There are four parameters of the HMM and they can be fit to the data using Expectation
Maximization (EM) or a grid search of the parameter space. We used EM with a max iteration of
100. EM will also stop if the log likelihood fit to the data increases by less than 1e-5 between
iterations. While this simple HMM was the basis of our Bayesian Networks approach, additional
models which utilized the parameters learned by the simpler models were utilized for prediction.
3.1 The Prior Per Student Model (Simple Model)
Standard knowledge tracing has four parameters. A separate set of parameters are fit for each skill
based on students’ sequences of responses to steps of that skill. The intuition is that students will
learn a skill over time. The latent represents knowledge of that skill and the two transition
probabilities for the latent are prior knowledge and learning rate. Prior knowledge is the
probability that students knew the skill prior to working on the tutor. Learning rate is the
probability that students will transition from the unlearned to the learned state between
opportunities to answer steps of that skill. The probability of transitioning from learned to
unlearned (forgetting) is fixed at zero since the time between responses is typically less than 24
hours. Forgetting is customarily not modeled in Knowledge Tracing; however, it certainly could
be occurring given a long enough passage of time between opportunities. The two emission
probabilities are the guess and slip rate. Guess is the probability of observing a correct response
when the student is in the unlearned state. Slip is the probability of observing an incorrect
response when the student is in the learned state. Prior work by the authors has shown that
modeling a separate prior per student in the training and prediction steps can increase the
accuracy of the learned parameters (Pardos & Heffernan, 2010b) as well as prediction accuracy
(Pardos & Heffernan, 2010a). In parameter analysis work, simulated datasets created from a
known distribution were analyzed by the standard knowledge tracing model and by one that
allowed for a prior per student based on the student’s first response. The prior per student model
resulted in more accurate convergence to the ground truth parameter values regardless of initial
parameter values for EM parameter learning. The standard Knowledge Tracing model, however,
was very sensitive to initial parameter values in converging to the ground truth parameters.

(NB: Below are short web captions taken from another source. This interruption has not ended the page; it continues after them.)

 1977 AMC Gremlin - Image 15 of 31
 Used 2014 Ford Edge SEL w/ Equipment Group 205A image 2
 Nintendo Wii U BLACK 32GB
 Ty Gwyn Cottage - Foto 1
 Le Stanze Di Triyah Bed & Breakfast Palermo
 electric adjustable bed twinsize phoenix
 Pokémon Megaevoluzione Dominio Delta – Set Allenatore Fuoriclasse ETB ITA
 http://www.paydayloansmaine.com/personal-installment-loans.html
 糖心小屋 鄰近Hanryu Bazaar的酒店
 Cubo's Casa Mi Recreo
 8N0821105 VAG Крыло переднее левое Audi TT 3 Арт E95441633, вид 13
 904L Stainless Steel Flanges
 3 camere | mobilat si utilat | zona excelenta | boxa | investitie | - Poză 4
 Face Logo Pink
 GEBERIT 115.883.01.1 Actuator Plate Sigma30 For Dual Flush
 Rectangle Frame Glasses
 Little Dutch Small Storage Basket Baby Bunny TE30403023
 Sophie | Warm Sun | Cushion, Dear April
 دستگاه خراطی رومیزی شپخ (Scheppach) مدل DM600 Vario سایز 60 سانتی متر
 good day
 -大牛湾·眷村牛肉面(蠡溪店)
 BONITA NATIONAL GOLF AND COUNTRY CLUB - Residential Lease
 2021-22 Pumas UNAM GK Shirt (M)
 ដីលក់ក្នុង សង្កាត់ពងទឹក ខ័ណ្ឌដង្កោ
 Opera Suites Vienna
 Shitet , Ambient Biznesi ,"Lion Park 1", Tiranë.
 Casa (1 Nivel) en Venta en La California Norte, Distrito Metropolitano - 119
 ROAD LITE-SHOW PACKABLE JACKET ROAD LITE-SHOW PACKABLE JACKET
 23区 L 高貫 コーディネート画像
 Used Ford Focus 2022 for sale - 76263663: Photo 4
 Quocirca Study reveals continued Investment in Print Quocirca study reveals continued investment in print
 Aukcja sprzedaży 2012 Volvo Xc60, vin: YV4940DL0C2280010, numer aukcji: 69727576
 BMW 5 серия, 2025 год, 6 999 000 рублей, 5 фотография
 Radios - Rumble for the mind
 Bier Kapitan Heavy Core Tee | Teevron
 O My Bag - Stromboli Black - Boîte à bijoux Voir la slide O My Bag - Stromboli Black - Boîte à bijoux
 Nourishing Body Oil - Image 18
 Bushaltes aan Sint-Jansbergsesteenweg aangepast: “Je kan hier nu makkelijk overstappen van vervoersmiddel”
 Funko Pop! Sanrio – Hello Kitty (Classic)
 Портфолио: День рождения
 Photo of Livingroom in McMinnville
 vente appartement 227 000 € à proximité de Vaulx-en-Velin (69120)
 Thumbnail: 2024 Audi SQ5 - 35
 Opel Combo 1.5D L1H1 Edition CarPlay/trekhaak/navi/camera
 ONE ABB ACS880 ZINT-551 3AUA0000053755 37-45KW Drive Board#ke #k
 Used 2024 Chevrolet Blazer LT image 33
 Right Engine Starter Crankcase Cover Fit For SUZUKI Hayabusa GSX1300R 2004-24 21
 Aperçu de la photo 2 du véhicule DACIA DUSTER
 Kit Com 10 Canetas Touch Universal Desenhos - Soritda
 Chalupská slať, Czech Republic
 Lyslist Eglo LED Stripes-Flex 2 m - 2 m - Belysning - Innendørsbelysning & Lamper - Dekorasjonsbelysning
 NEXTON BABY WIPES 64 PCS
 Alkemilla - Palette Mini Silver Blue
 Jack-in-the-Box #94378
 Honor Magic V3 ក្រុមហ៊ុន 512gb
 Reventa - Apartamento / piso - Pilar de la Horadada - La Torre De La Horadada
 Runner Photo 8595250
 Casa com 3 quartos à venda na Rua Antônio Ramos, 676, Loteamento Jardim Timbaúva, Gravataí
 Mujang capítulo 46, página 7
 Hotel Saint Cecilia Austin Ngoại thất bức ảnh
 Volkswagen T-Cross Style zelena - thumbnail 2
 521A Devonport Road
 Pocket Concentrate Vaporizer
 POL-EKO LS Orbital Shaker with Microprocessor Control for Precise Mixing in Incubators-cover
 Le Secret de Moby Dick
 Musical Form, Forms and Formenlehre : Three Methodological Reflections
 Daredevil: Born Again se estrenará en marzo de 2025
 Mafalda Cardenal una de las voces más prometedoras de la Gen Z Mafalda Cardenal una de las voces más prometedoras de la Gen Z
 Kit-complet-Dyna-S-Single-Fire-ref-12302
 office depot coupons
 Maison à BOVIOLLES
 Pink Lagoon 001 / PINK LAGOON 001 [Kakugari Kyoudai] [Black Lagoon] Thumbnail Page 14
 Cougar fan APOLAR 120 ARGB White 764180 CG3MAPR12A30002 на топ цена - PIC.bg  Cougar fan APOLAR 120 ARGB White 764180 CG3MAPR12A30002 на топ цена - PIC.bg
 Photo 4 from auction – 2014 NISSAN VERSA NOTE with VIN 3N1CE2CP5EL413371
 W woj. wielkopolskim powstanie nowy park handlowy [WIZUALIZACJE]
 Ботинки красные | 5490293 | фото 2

Figure 2. Prior Per Student (PPS) model parameters and topology
Figure 2 shows the Prior Per Student (PPS) model topology. In this model the student node acts
as a unique student identifier with values that range from 1 to N where N is the number of
students in the dataset; however, we have found that modeling only two distinct priors and
assigning a student to one of those priors based on their first response is an effective heuristic. We
Model ParametersP(L0) = Probability of initial knowledgeP(L0|S) = Individualized P(L0)P(T) = Probability of learningP(G) = Probability of guessP(S) = Probability of slip
Node statesK = Two state (0 or 1)Q = Two state (0 or 1)S = Two state (0 or 1)
6
refer to this as the cold start heuristic. If a student answers the first observed step incorrectly, they
are assigned a prior of 0.10, if they answer the step correctly; they are assigned a prior of 0.85.
These values were chosen ad-hoc based on experimentation with this and other datasets. One
alternative to the ad-hoc setting is to let the two prior seeding values be adjusted and learned from
data. These values may be capturing guess and slip probabilities so another alternative is to have
the prior seeding values be the same as the guess and slip values. We tested these three strategies
with the two development datasets and found the following results, shown in Table 1.
Algebra (development)
Strategy RMSE
1 adjustable 0.3659
2 guess/slip 0.3660
3 Ad-hoc 0.3662
Bridge to Algebra (development)
Strategy RMSE
1 guess/slip 0.3227
2 adjustable 0.3228
3 Ad-hoc 0.3236
Table 1. Results of prior seeding strategies on the two development datasets
Table 1 shows that for the algebra (development) datasets, the difference between the ad-hoc and
adjustable strategy was 0.0003. This appeared to be a small benefit at the time and the extra free
parameters of the adjustable strategy added to the compute time of the EM runs. While the
guess/slip strategy added less compute time than the adjustable strategy, the ad-hoc value strategy
was chosen to be used going forward with all models used for the competition datasets because of
the small difference in RMSE and because this strategy had already been more carefully studied
in past work (Pardos & Heffernan, 2010b). Another reason Ad-hoc was chosen is because it
appeared to be the best strategy in the bridge to algebra dataset when initially calculated. Upon
closer inspection for this article, the Ad-hoc prediction was missing around 250 rows compared to
the other strategy predictions. After correcting this, the guess/slip strategy appears favorable.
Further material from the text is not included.